Kepercayaan publik terhadap sistem peradilan merupakan pilar fundamental bagi sebuah negara demokrasi. Ketika kepercayaan itu tergerus – seperti yang diungkapkan Nurdin Taba – maka legitimasi negara sendiri terancam. Proses hukum yang dianggap tidak adil akan menimbulkan rasa ketidakadilan, menumbuhkan ketidakpercayaan, dan pada akhirnya dapat memicu instabilitas.
Presiden Prabowo memiliki tanggung jawab moral dan konstitusional untuk menangani isu ini dengan serius. Janji-janji kampanye tentang reformasi hukum harus diterjemahkan ke dalam aksi nyata.

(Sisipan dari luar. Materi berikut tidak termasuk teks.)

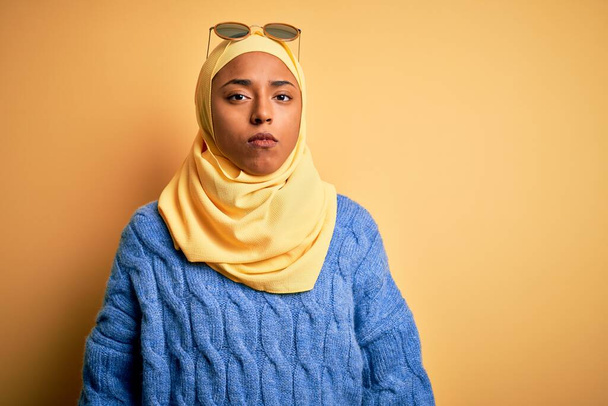 Nuori afroamerikkalainen opiskelija nainen yllään keltainen muslimi hijab ja aurinkolasit vakava ilme kasvoilla. Yksinkertainen ja luonnollinen kameraan katsominen
. - Valokuva, kuva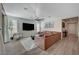 Bright living room featuring a large brown leather sectional and a modern ceiling fan at 6544 Sandero Springs St, Las Vegas, NV 89166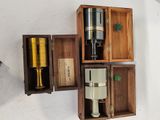 three wooden boxes that have different types of wine in them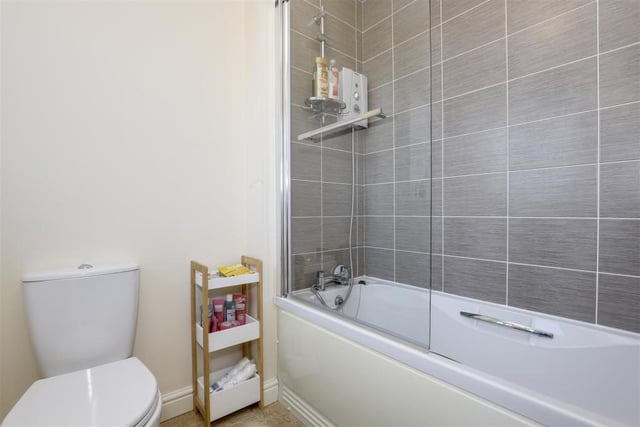 The second look at the family bathroom reveals a panelled bath with a wall-mounted electric shower. The walls are partially tiled and there is also an extractor fan with a uPVC double-glazed, opaque window to the back of the house.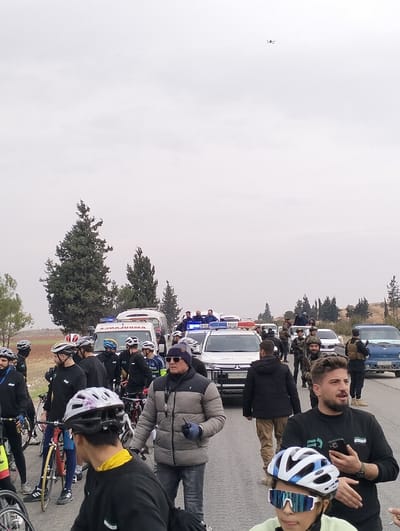 A group of cyclists in black jerseys with helmets are gathered on a road with several support vehicles including police cars and an ambulance. Armed security personnel are visible. One man stands out in a grey puffer jacket. A drone flies overhead. The scene conveys a sense of an organized cycling event with safety and security measures in place. The weather appears overcast.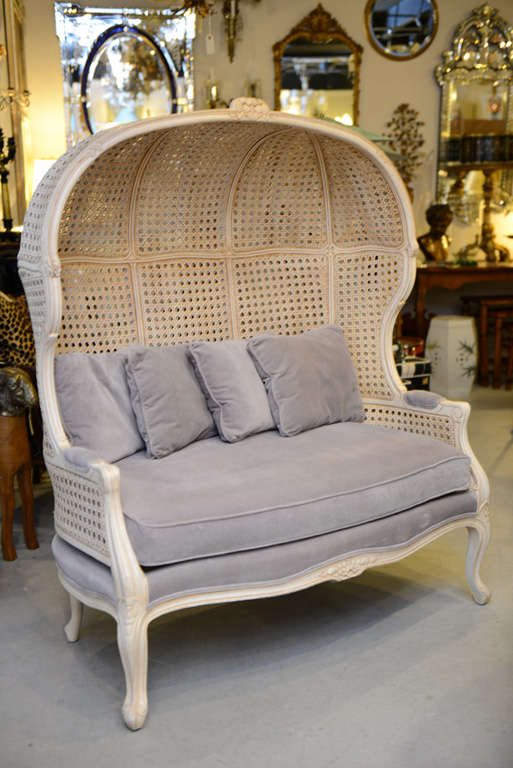 Very unusual and charming hooded loveseat.  Off white painted and carved frame with double caning.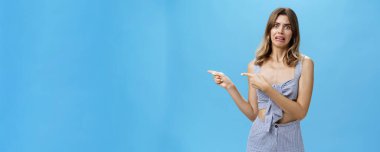 Stüdyo çekimlerinde hoşnutsuz bir kadın işaret parmağıyla işaret ederek tiksindirici ve tatminsiz bir ifadeyi işaret ederek tiksindirici ve korkunç bir şeyi mavi arka planda görmekten iğreniyor.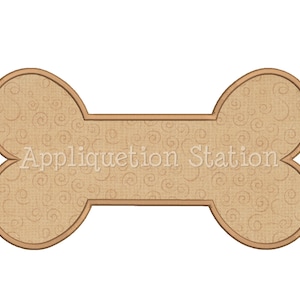 May include: A brown dog bone-shaped applique with a swirl pattern and the text "Appliquation Station" in the center.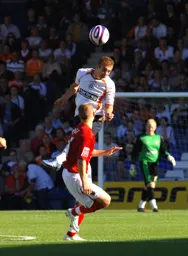 Jake Howells heads the ball on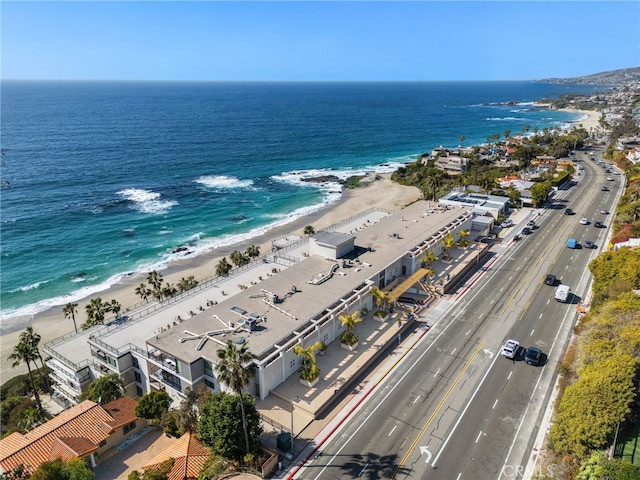 bird's eye view with a water view and a view of the beach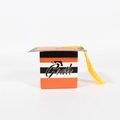 Detail of orange and black striped graduation cap candy box with yellow tassel decoration - Orange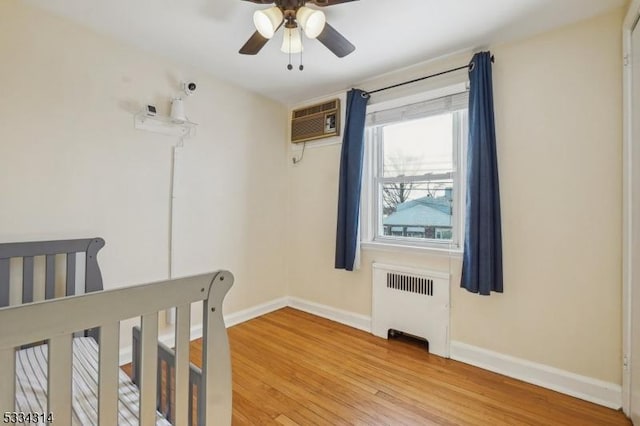 bedroom with a wall mounted AC, radiator heating unit, ceiling fan, and light hardwood / wood-style floors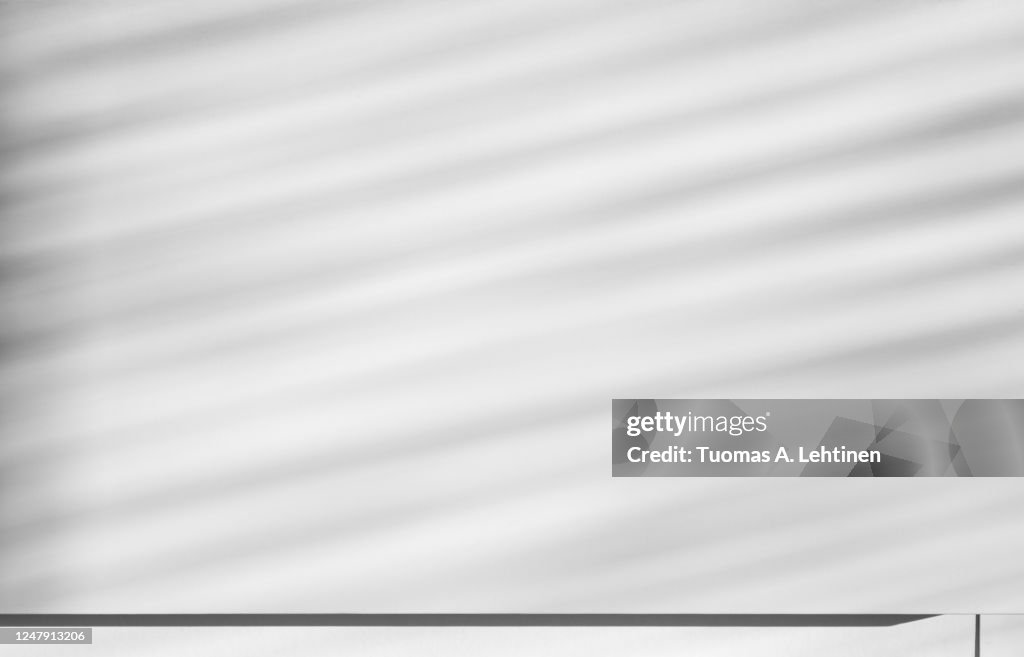 Play of light and shadows, diagonal delicated striped shadows on a white wall.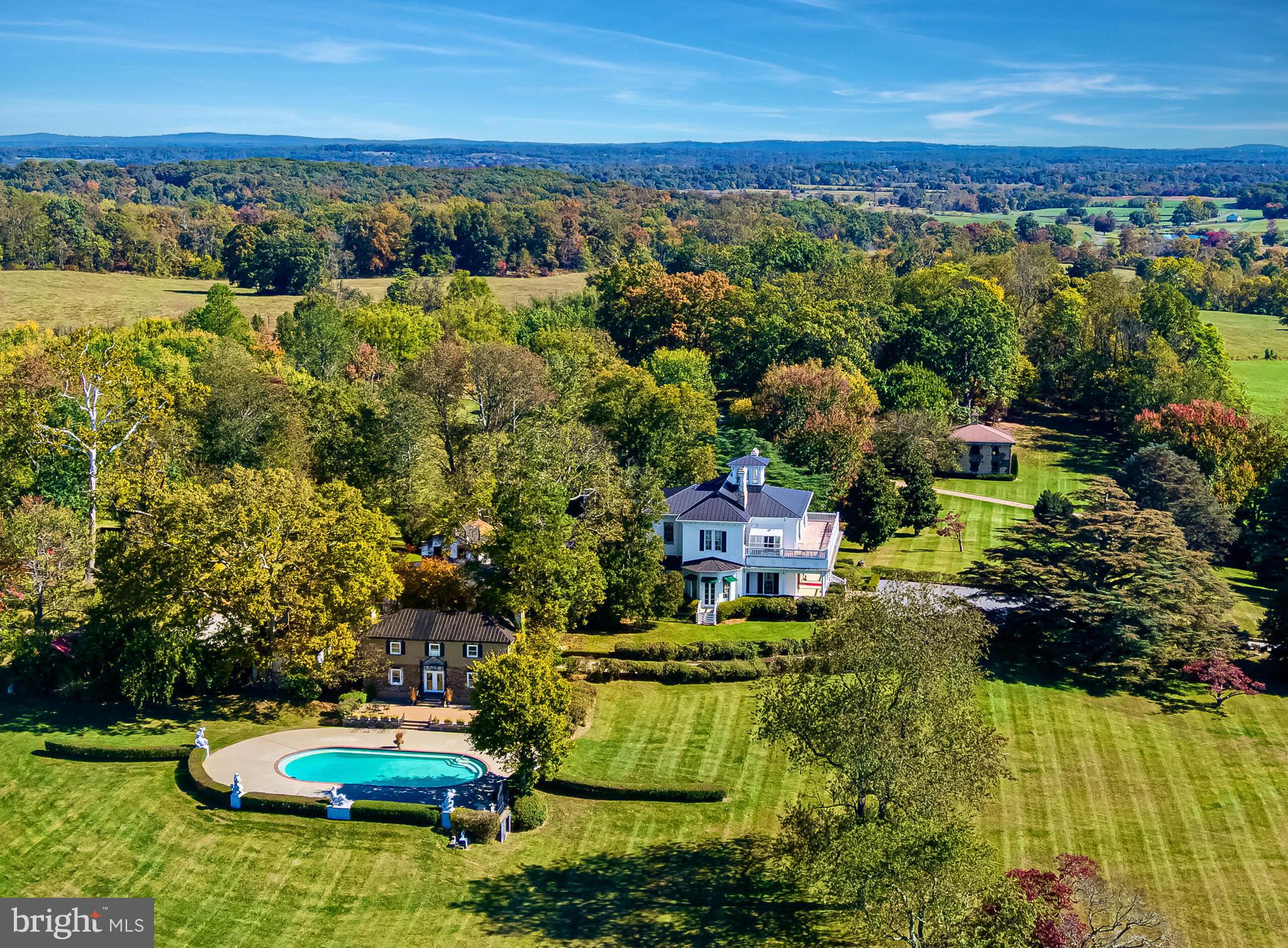 1610 Delaplane Grade Road Upperville, VA 20184 - Photo 9 of 123 an aerial view of a house with a garden and lake view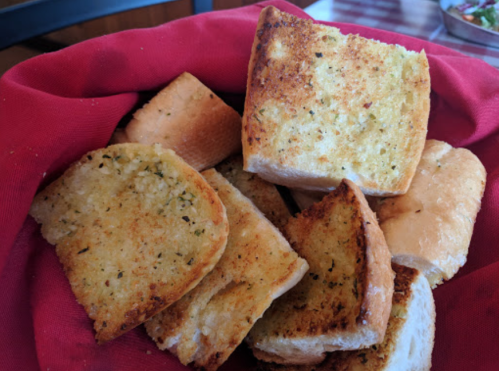 A basket filled with golden-brown garlic bread slices on a red cloth.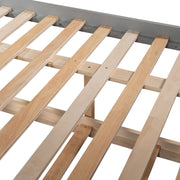 DreamHaus bunk bed with twin size trundle, featuring sturdy wooden frame and space-saving design for kids' bedroom.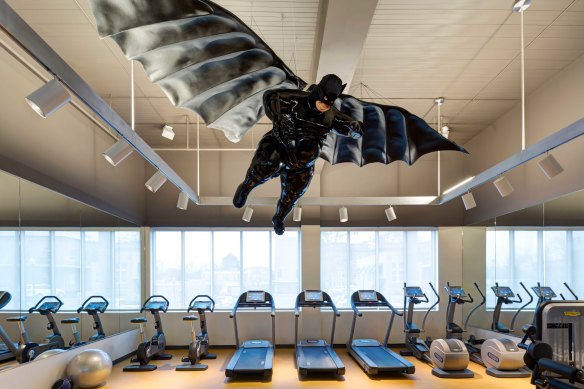 In the gym, a corpulent fibreglass Batman hovers above the treadmills.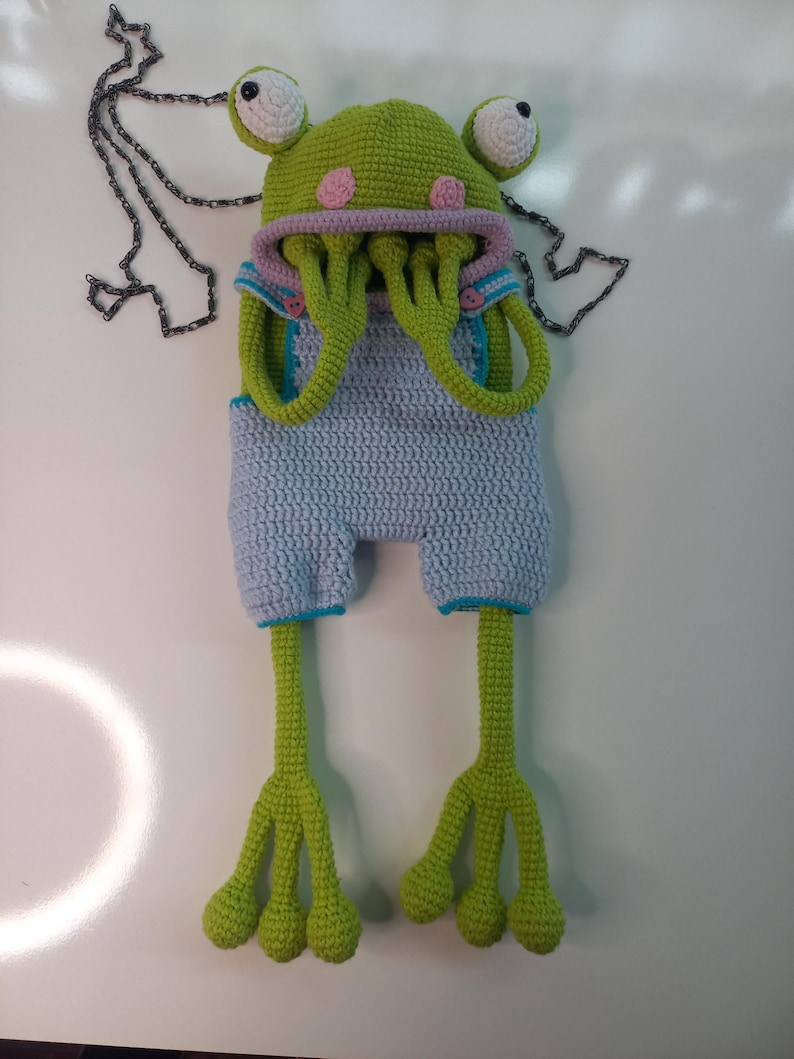 Peut inclure: Ensemble fait main au crochet, comprenant un chapeau et un short d'extraterrestre, vert, bleu, rose et blanc. Le chapeau a de grands yeux et des taches roses, avec de longues tentacules vertes. Le short bleu a une bordure turquoise.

Ini memerlukan lebih dari sekadar pernyataan tegas; diperlukan langkah-langkah konkret untuk memperkuat independensi lembaga penegak hukum, memperbaiki proses peradilan, dan menjamin akses keadilan bagi semua lapisan masyarakat.
Reformasi hukum bukan tugas mudah. Ia memerlukan komitmen yang kuat, keberanian untuk menghadapi kepentingan kelompok tertentu, dan kerja sama antar lembaga negara. Namun, tanpa reformasi yang nyata dan berkelanjutan, cita-cita Indonesia sebagai negara hukum yang adil dan bermartabat akan tetap menjadi mimpi yang sulit diwujudkan. Presiden Prabowo harus membuktikan keseriusannya dalam mewujudkan hukum yang benar-benar berpihak kepada keadilan, bukan kepada kekuasaan. Masa kepemimpinannya akan diukur dari seberapa jauh ia berhasil menjawab tantangan berat ini.